Sunday, November 10, 2013

Lucene Revolution EU 2013 in Dublin: Day 1

The Lucene Revolution conference has been held for the first time in Europe. Dublin, Ireland, has been selected as the conference city and I must say it is a great choice. The city itself is quite compact and friendly, full of places to see (Trinity Colleage, Temple Bar, O'Connell street and many more) as well as places to relax with all the pubs, bars and shopping streets.



It was my first time in Dublin and my general impression of the city is very good.

Let's proceed to the conference!

Day 1


The keynote has been presented by Michael Busch of Twitter, who talked about their data structure for holding an index in such a way that posting lists are automatically sorted and one can read backwards without reopening an index (costly op). They also support early termination naturally in such a way. Everything is stored in RAM and they never commit.

Followed by the keynote I watched Timothy Potter present about integrating Solr and Storm for realtime stream processing.
What I specifically liked in Tim's presentation was two things: (1) he gave personal recommendations for certain libraries and frameworks, like Netty, Coda Hale Metrics and (2) he emphasized, that even that we deal with relatively exotic technologies like Solr and Storm we can still rely on old proven technologies, like Spring + Jackson to remap input json into neatly named properties of a Java class. This all comes in handy when you start working on your own backend code.

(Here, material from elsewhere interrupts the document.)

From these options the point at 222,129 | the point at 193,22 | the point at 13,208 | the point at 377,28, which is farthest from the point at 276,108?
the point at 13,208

Next, LinkedIn engg's talked about their indexing architecture for segmentation and targeting platform.
They use Lucene only, no Solr yet, but would be interested to look into things like SolrCloud. Also mentioned in the presentation was the architectural decision to abstract the Lucene engine from the the business logic by writing a json to Lucene query parser. This will help if they ever decide to try some other search engine. On one hand I sense here, that large business is more cautious than let's say a smaller company. On the other hand, imho, Lucene has grown into a very stable system and given its long presence on the market and wide adoption wouldn't be too cautious. But biz is biz.

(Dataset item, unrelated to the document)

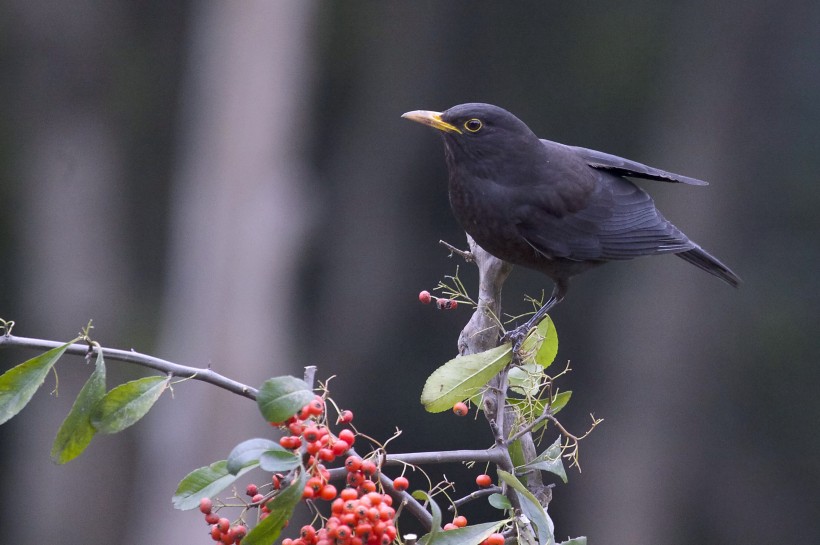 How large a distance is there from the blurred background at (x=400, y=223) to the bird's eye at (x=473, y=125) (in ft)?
20.9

Up next was the session on additions to Lucene arsenal by Shai Erera and Adrien Grand. I'd say this presentation was the most in-depth technically during this day. Shai talked about new replication module added to Lucene and expressed the hope of it being added to ElasticSearch and Solr or even replacing their own replication methods. Adrien focused on implementation details of new feature called Index Sorting. The idea is that an index can be kept always sorted on some criteria, like modification date of a document, which in turn will enable for early termination techniques and better compression of sorted index.

After lunch break I decided to go to "Shrinking the Haystack" using Solr and OpenNLP by Wes Cladwell. While his presentation wasn't too technical it had mentioned really hilarious uncommon practice they have at ISS Inc while building search and data processing solutions for FBI type of agencies. One question, he said, strucks every sw engg applicant is: "Will you be ok to spend a weekend in Afganistan?" Not an usual working place, hah? To me, having spent a month in Algeria as a consultant, this sounded somewhat familiar, because when entering my hotel the car was always checked by tommy-gunners. The take-away point of this presentation was that they build big data systems not to find a needle in the haystack, but give tools to human analysts to help find an actionable intelligent data. I.e. you can't replace people. The presentation also mentioned some tech. goodies, like boilerpipe for extracting text from an html leaving boiler html out; GeoNames = open source geo-entity database, that can be indexed into a Solr core for better search. In terms of NLProc and machine learning at ISS they have arrived at combining gazeteer (dictionary) and supervised machine learning to give the best of both worlds. From my NLProc + ML experience at SemanticAnalyzer I will only second this.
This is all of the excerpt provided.